On June 11, 2007, an ICSID arbitration tribunal issued a decision rejecting UPS’s claim under Chapter 11 of NAFTA alleging that the Government of Canada gives its state-owned postal service, Canada Post, favourable treatment over UPS. The majority opinion appears to have taken a questionable interpretation of some aspects of NAFTA that, in the light of the detailed dissenting opinion, could be the springboard for future claims against NAFTA governments.

Overview

In 2000, United Parcel Service of America (UPS) launched a claim against the Canadian government under Chapter 11 of the North American Free Trade Agreement (NAFTA), alleging that Canada gives its state-owned postal monopoly, Canada Post, favourable treatment over other postal service companies.

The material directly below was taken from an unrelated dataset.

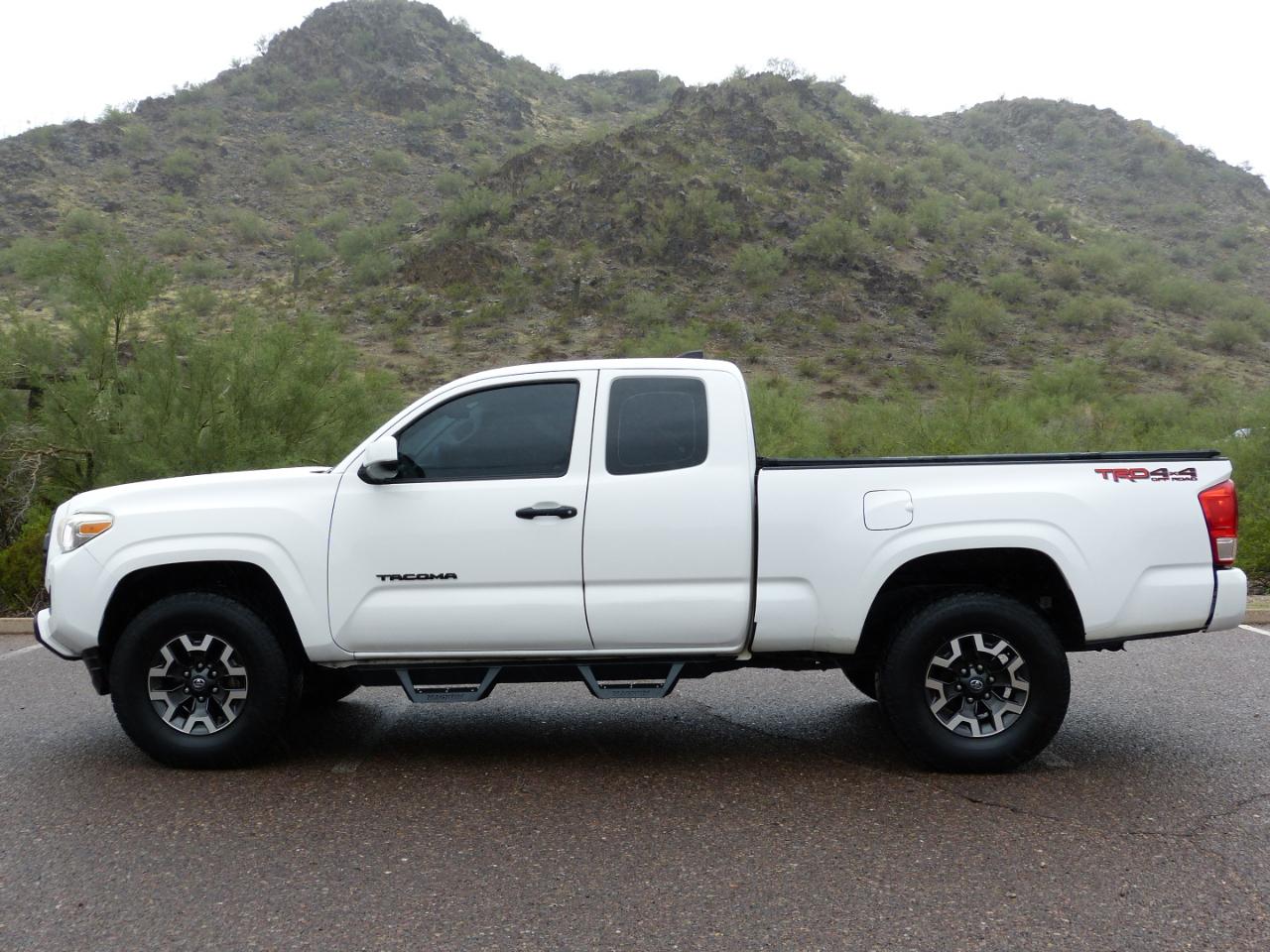 Toyota Tacoma SR5 Access Cab I4 6AT 2WD 2016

The final decision in this arbitration was issued on June 11, 2007, with the arbitration Tribunal ruling against UPS in its attempt to win damages. The decision ends a seven-year legal battle in which UPS sought USD 160 million in damages and has implications for a number of industries. It is likely that the decision has, at least temporarily, granted relief to NAFTA governments from claims of discrimination against a variety of government-operated services, from public highways to garbage collection. However, the dissenting opinion of one of the arbitrators points to a number of issues with the reasoning provided for the Tribunal’s decision. As a result, it is unclear as to how long the relief for NAFTA governments will last.

The Decision

On April 19, 2000, UPS filed its notice of arbitration and statement of claim before the International Centre for Settlement of Investment Disputes (ICSID). UPS alleged that its Canadian operations were being commercially harmed by unfair preferences and advantages given by the Canadian government to Canada Post, in violation of Canada’s "national treatment" obligations under NAFTA. The "national treatment" obligation arises from Article 1102 of NAFTA and requires Canada to accord to U.S. investors or investments in "like circumstances" treatment "no less favourable" than that accorded by Canada to its own investors and investments.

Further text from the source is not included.